It’s hot. The meeting room is stuffy and we are only through the first half of the briefing. It was, as expected, a busy week patrolling the streets. Things that go boom, and how to find them before they blew up were always high on the priority list.
“Well, we figured out why the intel on the the IED’s was so accurate…” the S2 briefed.
Cue giant graphic picture of dead Iraqi.
“Turns out Mohammed was planting them to collect our rewards…”
Here is where I create a metaphor: Imagine some athletic Spartan with a chisel and a huge Thor-like hammer chipping away at a beautiful piece of marble. The word TRUST emblazoned on the front.
Every day I spent in combat that Spartan hit the marble.
Lost in Translation
There were often not enough translators to facilitate our missions. We had US Contractors with security clearances and in country scrubs that we needed to keep the communication flowing. We were constantly rotating through the translators. One translator in particular left an indelible mark.

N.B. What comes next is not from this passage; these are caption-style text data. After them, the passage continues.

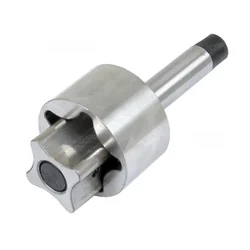 УЉЕНА ПУМПА Massey Ferguson Tractor 35 = FE35 =835 = FE835 T20 TE20 TEF20.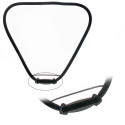 Manfrotto TriGrip käepide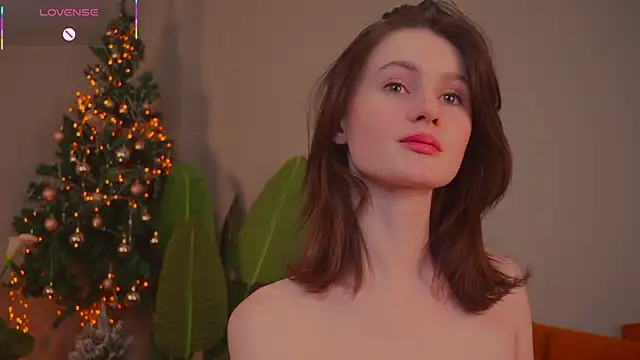 Pancake_Reciper live sex cam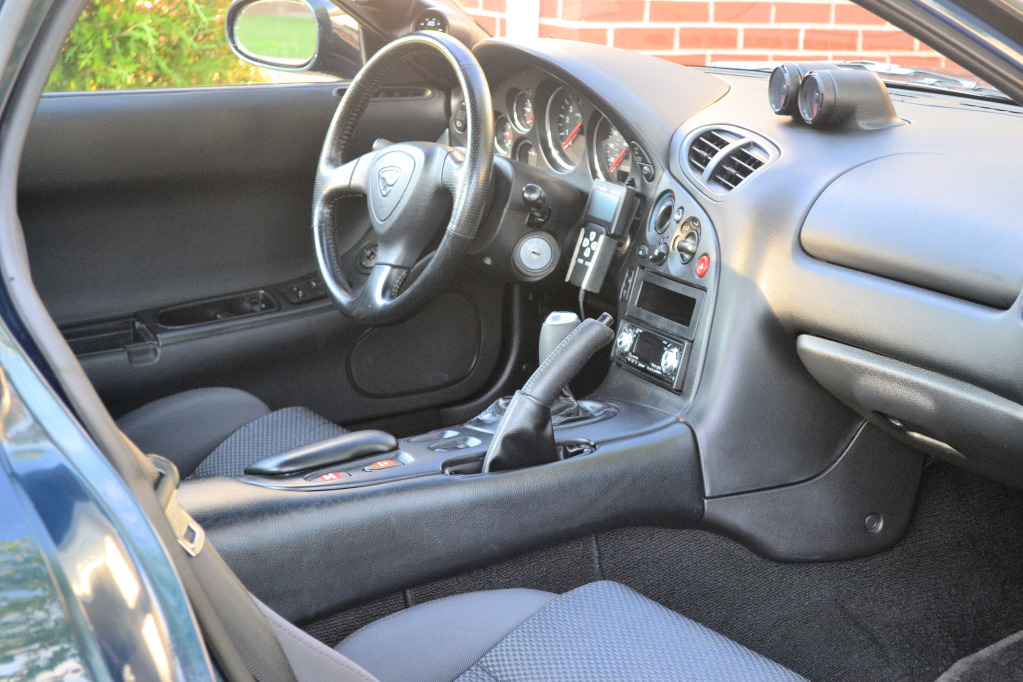 Name:  DSC_0329.jpg
Views: 445
Size:  260.1 KB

We paid him, fed him, and protected him. Sh!t, I can safely say our guys saved his life on more than one occasion. We found him on a non-issued phone more than a few times. Those instances started to coincided with our attacks. We compiled a case, and when we had enough data, ran his phone.
He was a mole.
His deception led to the death of one of our Soldiers.
It took tremendous control not to beat him to a pulp and execute him.
The Spartan took extra swings that day…
I always got a kick out of reading Star, US Weekly, and People magazine. When you return from a patrol, you are dirty, tired and still have hours of work in front of you, reading about Alien life on Earth while taking a crap is a good distraction.
Aliens. That is what celebrities and civilians were in Iraq. Latest fashions, who dumped who, who is pregnant, who had surgery… Who gives a sh!t. I had the same three uniforms and three sets of boots for an entire year. If someone went away for surgery, it was usually after they got hurt and we would see them when, and if, we got home. It was very easy to see that people in the magazine, and what people cared about, were very different from my ten tan t-shirts and me.
By the time I got home, my block of trust was a pile of pebbles and sand.
Since I have returned, I have softened in my approach, but I gravitate towards my military friends, and stick close to my family.
New friends? Maybe five. Of that group, how many have no military experience? One.
If you are not a Veteran, and I did not know you before I went to Combat, I have a hard time trusting you. Nothing personal. It’s just a feeling that has evolved over time.
When it comes to PTSD treatment, I faced this trust problem countless times at the VA.
Too many non-Veterans.
I understand that specialties and job qualifications must be filled. But, there needs to be less of a gap. There needs to be more paid interns or consultants that just work with the VA and are Veterans, especially to help tear down the trust barrier.
Overcoming the stigma of PTSD is one thing. Trusting others with that stigma is something quite different.
If I sit and evaluate my trust, I am much better than I was six years ago. I don’t avoid people as much. I can at least engage in conversation.
For the crop of new Veterans that has not engaged the VA and is just beginning the integration, it will go a long way to have a few more Veterans around.